バイオガスの固体酸化物形燃料電池(以下、SOFC) 導入で事業効率化、工学院大学がベトナムで実施

エビの養殖が急拡大したベトナムでは、その過程で発生するバイオマス廃棄物が大きな社会課題となっている。そうした中、バイオマス廃棄物を効率よく電力に変換して利活用する新たなシステムの実証研究がスタートした。クリーンかつ養殖生産量の最大化を目指す新たな取り組みを紹介する。

エビ養殖システムで社会課題を解消へ

年間貿易額は24兆円以上(2021年)に上り、日本の貿易総額の約15%を占めるなど関係の深いASEAN諸国。

近年は経済発展と人口増加が目覚ましく、今後のさらなる発展が期待される半面、それらを支えるために化石燃料の需要が増加しているのが実情だ。
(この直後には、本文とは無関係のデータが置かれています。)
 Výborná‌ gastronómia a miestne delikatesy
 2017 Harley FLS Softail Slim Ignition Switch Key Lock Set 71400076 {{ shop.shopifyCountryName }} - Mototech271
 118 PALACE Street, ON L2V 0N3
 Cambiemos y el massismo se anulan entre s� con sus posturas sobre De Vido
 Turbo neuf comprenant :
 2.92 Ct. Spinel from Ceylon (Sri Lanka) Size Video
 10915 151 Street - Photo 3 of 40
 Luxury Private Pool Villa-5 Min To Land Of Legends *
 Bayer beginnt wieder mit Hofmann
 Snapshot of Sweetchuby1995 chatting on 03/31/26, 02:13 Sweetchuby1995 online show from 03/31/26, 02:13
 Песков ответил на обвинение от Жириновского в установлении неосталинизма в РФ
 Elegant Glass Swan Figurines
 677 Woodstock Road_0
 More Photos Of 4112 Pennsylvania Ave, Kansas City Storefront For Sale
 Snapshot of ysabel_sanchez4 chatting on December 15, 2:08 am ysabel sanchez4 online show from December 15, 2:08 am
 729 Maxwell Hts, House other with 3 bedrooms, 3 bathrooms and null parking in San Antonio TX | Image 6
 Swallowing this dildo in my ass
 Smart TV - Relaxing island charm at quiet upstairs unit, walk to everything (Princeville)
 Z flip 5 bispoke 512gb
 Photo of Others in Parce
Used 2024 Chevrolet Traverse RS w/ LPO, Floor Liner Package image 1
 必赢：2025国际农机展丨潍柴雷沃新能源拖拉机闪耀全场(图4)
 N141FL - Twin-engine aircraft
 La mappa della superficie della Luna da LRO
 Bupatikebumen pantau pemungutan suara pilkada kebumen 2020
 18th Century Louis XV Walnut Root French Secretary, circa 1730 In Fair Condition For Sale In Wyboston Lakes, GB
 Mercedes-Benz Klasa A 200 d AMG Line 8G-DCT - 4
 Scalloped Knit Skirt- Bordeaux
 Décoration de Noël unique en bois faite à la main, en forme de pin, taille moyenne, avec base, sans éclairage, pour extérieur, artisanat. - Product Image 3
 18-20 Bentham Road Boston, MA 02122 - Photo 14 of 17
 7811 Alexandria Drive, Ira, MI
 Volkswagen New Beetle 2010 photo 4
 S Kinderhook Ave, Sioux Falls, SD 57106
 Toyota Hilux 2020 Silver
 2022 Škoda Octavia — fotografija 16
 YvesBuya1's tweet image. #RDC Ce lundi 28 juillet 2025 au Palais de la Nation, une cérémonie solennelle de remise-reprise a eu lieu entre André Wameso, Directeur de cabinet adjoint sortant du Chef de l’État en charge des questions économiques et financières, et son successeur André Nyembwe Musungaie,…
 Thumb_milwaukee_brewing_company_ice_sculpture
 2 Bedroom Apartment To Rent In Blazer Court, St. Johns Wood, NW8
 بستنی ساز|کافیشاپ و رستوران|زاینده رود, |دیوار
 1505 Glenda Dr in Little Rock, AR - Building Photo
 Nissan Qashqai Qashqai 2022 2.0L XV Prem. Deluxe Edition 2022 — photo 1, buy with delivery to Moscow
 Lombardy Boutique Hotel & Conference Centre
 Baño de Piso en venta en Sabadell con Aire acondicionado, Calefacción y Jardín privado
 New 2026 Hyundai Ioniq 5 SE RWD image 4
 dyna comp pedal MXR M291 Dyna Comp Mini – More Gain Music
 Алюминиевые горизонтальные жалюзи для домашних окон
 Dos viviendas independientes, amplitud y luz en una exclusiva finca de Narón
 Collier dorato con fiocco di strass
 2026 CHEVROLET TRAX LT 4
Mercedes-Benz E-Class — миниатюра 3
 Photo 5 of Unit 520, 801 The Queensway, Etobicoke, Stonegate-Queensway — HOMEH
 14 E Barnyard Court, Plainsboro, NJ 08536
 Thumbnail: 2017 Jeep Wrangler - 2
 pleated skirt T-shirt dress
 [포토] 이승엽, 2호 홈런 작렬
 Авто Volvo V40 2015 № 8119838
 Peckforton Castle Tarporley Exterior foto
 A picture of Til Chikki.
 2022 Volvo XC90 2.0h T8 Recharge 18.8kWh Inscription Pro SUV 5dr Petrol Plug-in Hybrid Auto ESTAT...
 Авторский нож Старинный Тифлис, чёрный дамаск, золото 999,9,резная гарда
また、経済活動に伴う廃棄物処理も課題とされ、特にベトナムの農業・水産養殖の中心地であるメコンデルタ地域では、農業残渣(ざんさ/稲わら、バガス=サトウキビを圧縮した後の搾りカス、レモングラス廃材など)や水産養殖池から排出される汚泥などのバイオマス廃棄物が社会課題として顕在化。SDGsの観点からも解決策の早期確立が求められている。

そうした中、2022年11月より工学院大学 先進工学部機械理工学科の白鳥祐介教授が、ベトナム・ティエンザン省にある養殖場で世界初となるバイオガスで作動するSOFCとIoTを用いたエビ養殖システムの実証研究を開始した。

2022年11月3日にベトナムで行われた実施者間による科学技術共同契約(ST)に関する署名式の様子

画像提供:工学院大学

なお今回の実証実験は、国立研究開発法人 新エネルギー・産業技術総合開発機構(NEDO)の支援を受けた国際プロジェクト「地域のバイオマスを利用した省エネ型エビ養殖システム高度化実証研究(ベトナム)」の下で実施される。

バイオガスから高効率発電を可能にするSOFC

実証研究で使用されるエビ養殖システムは、バイオガスSOFCによる再生可能エネルギー由来のグリーン電力供給と、IoT水管理によるエビ増産システムが統合された循環型システムだ。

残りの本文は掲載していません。